Dans Une vie ordinaire, une des rares choses qu’il laissa aller à l’impression de son vivant, en 1967, une esquisse d’autobiographie écrite en octosyllabes (dite roman-poème), il se le rappelle dans une parenthèse : (Moi je l’ai rencontré un jour/Valéry dans les vespasiennes/et fait pipi tout près de lui/écoutant la chanson bien douce/qui s’écoulait de sa vessie).

En 1960, dans ses premiers Papiers collés, loin de savoir ce qui l’emporterait et quand la Faucheuse viendrait s’occuper de lui à son tour, Perros écrit : « On ne se fait pas à la mort. Elle prend toujours l’homme au dépourvu. On s’étonne. La mort est incroyable. Devant la mort, la vie baisse les yeux, a comme honte. Rien de plus sot, de plus désemparé, que la vie devant la mort et la nature. La vie, c’est-à-dire bouger, choisir, aimer, haïr, souffrir, écrire, parler, faire le singe. Il faut avoir le cœur solide pour passer outre. L’obsession de la mort, du temps, est un poison, dirai-je mortel, qui minerait toute possibilité de bonheur, si le bonheur était en ce monde autre chose qu’un vœu. »

En 1973, cinq ans avant que le crabe ne lui fasse le coup du lapin en le prenant à la gorge, Perros écrit dans ses seconds Papiers collés et non sans fierté : « Je me suis fait un non. »

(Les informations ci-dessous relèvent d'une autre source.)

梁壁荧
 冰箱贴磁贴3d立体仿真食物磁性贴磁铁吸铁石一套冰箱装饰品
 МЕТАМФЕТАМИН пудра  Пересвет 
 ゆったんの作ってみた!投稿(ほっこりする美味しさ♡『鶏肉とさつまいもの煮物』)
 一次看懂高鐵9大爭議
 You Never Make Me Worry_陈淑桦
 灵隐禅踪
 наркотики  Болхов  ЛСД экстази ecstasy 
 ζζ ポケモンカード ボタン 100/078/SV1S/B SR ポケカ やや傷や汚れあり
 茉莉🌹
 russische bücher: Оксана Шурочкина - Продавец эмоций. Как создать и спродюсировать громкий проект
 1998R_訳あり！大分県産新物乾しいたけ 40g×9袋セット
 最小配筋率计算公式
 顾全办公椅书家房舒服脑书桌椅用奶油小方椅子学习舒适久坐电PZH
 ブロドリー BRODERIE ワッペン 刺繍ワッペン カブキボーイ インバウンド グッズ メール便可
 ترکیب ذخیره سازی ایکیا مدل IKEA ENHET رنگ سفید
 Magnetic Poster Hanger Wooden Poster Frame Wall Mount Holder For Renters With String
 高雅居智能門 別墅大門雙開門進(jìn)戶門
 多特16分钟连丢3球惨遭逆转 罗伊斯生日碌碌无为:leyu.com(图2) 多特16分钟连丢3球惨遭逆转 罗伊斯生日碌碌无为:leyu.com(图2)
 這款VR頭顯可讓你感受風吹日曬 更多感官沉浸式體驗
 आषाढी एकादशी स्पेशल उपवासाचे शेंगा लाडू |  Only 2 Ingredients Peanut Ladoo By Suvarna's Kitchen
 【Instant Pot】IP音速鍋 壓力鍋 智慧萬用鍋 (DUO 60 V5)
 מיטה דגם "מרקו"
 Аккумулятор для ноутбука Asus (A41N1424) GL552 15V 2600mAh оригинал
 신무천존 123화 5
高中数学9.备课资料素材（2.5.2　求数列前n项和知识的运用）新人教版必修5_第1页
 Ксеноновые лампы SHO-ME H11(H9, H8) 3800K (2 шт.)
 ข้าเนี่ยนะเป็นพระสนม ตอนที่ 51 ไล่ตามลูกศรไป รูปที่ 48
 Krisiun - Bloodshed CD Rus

Georges Perros tendait à être, comme son autre écrivain idéal, Joseph Joubert, un maître du renoncement ; secrétaire discret de Diderot, amant secret de la femme de Restif de la Bretonne, ce Joubert écrivit toute sa vie sans jamais rien publier d’autre que lettres et notes, se gardant, comme un exégète le rapportera, « une extrême pudeur, sachant qu’à montrer ses dépôts, il en aurait diminué, éventé, empêché l’impalpable fermentation ».

Ce sont d’abord des « noteurs », ces écrivains qui, comme Perros à Douarnenez ou le regretté Jean-Pierre Issenhuth à Laval, préféraient commenter qu’inventer, frictionner le sens qu’imaginer du fictionnel. Ses dépôts réunis dans le gros Quarto qui lui est consacré vous rafraîchiront le cogito. Ce sont autant de flaques d’écriture dans lesquelles on saute avec joie, à yeux joints.